START DATA TO EXAMINE

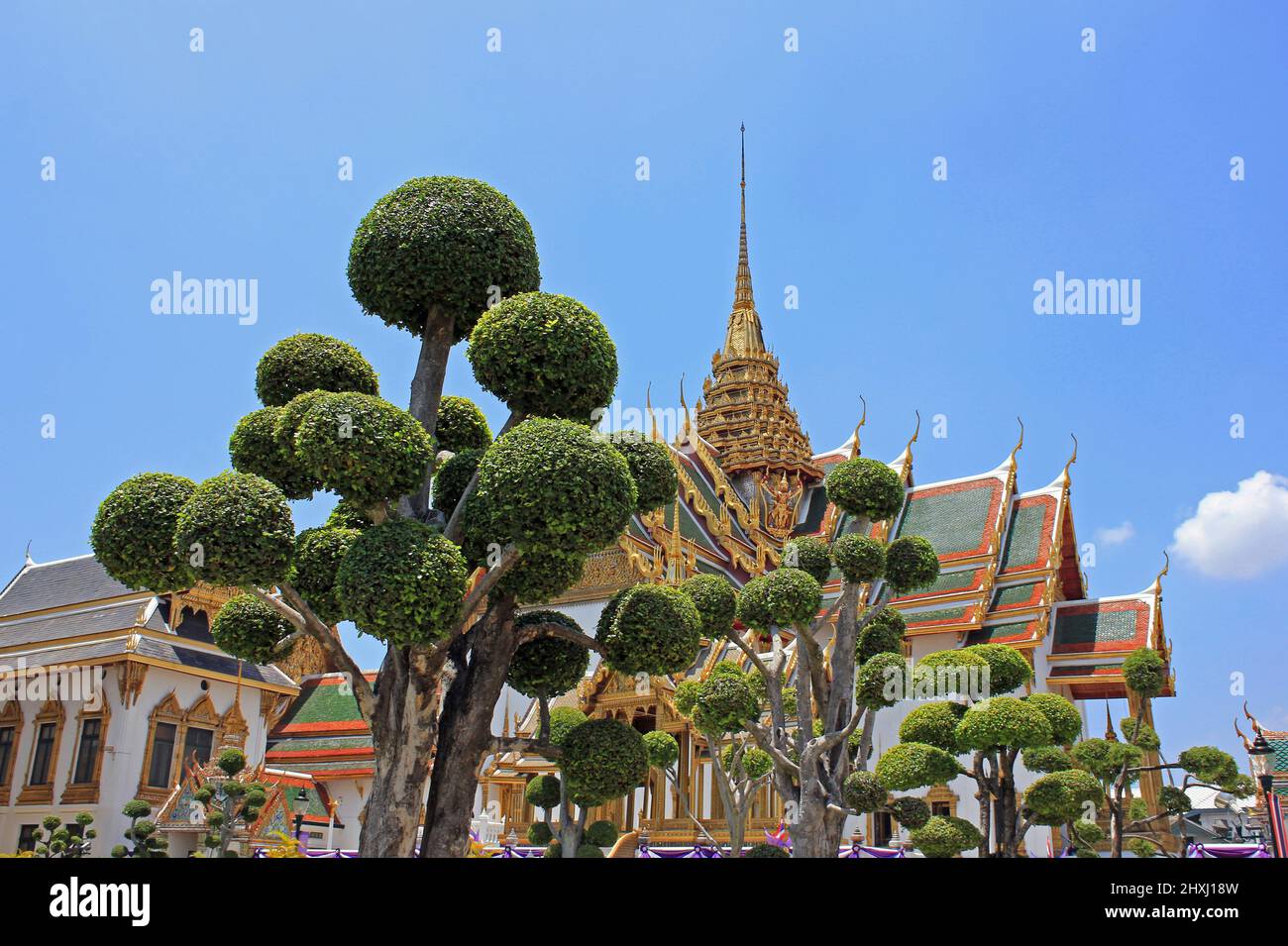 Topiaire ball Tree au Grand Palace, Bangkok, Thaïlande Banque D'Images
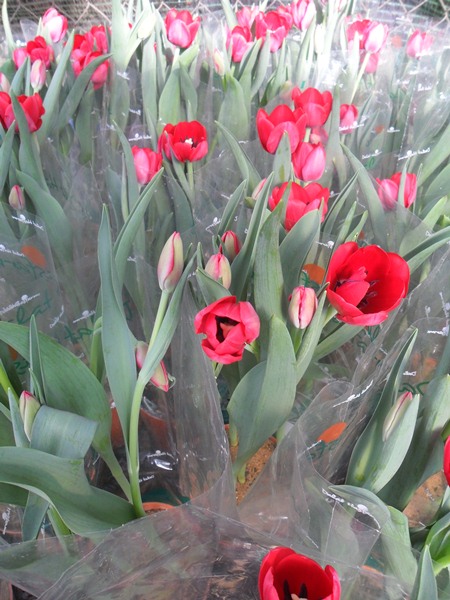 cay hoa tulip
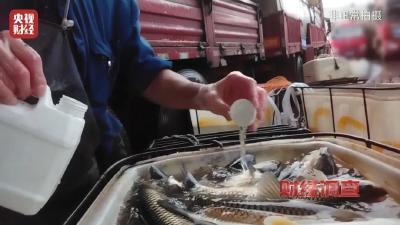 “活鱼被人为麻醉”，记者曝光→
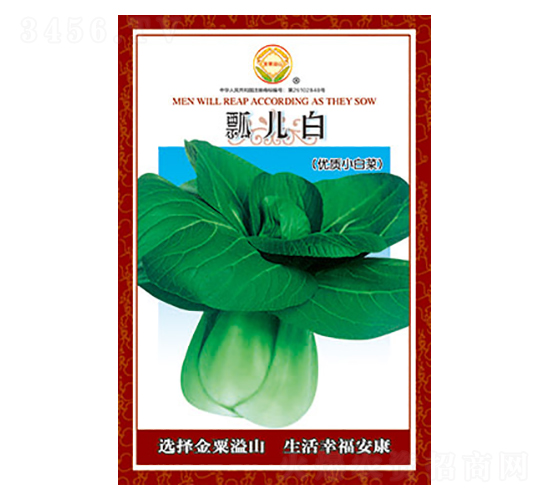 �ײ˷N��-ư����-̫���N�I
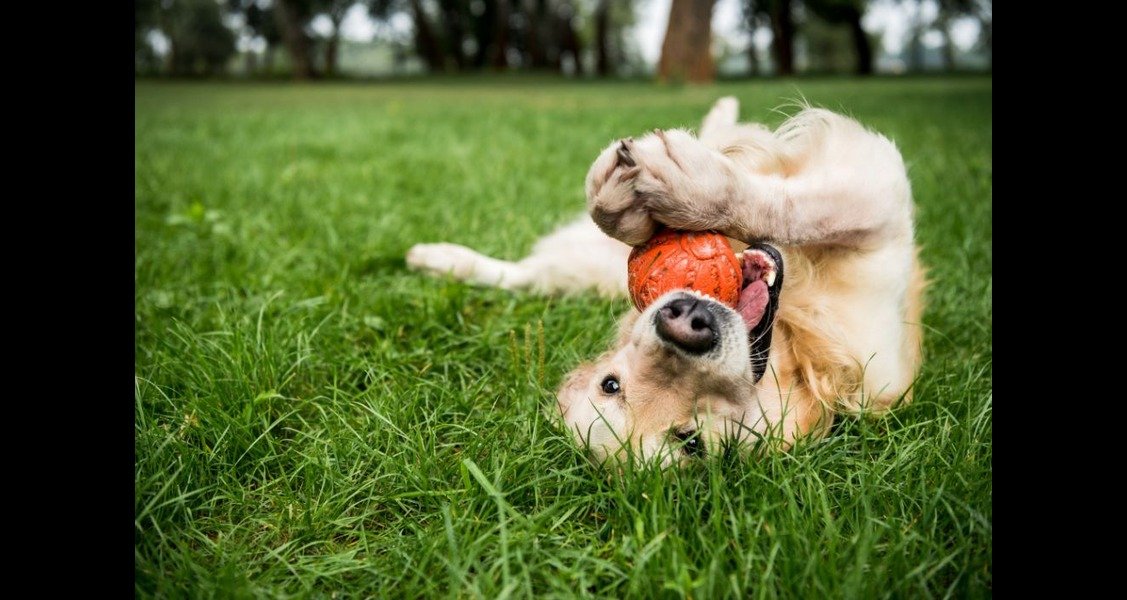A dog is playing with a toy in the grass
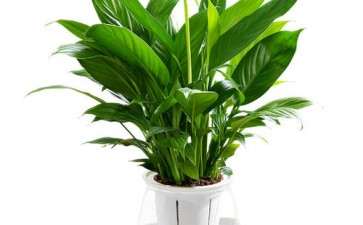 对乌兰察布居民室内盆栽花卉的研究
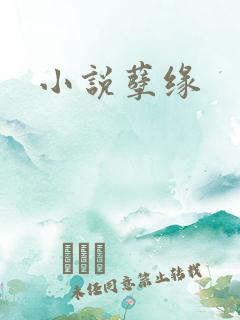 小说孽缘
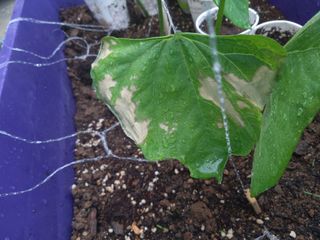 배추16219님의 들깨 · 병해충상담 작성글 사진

END DATA TO EXAMINE

> WHAT YOU WILL DO
Write the data above out exactly. Leave out any pictures.

> EXPECTED ANSWER
 Topiaire ball Tree au Grand Palace, Bangkok, Thaïlande Banque D'Images
 cay hoa tulip
 “活鱼被人为麻醉”，记者曝光→
 �ײ˷N��-ư����-̫���N�I
A dog is playing with a toy in the grass
 对乌兰察布居民室内盆栽花卉的研究
 小说孽缘
 배추16219님의 들깨 · 병해충상담 작성글 사진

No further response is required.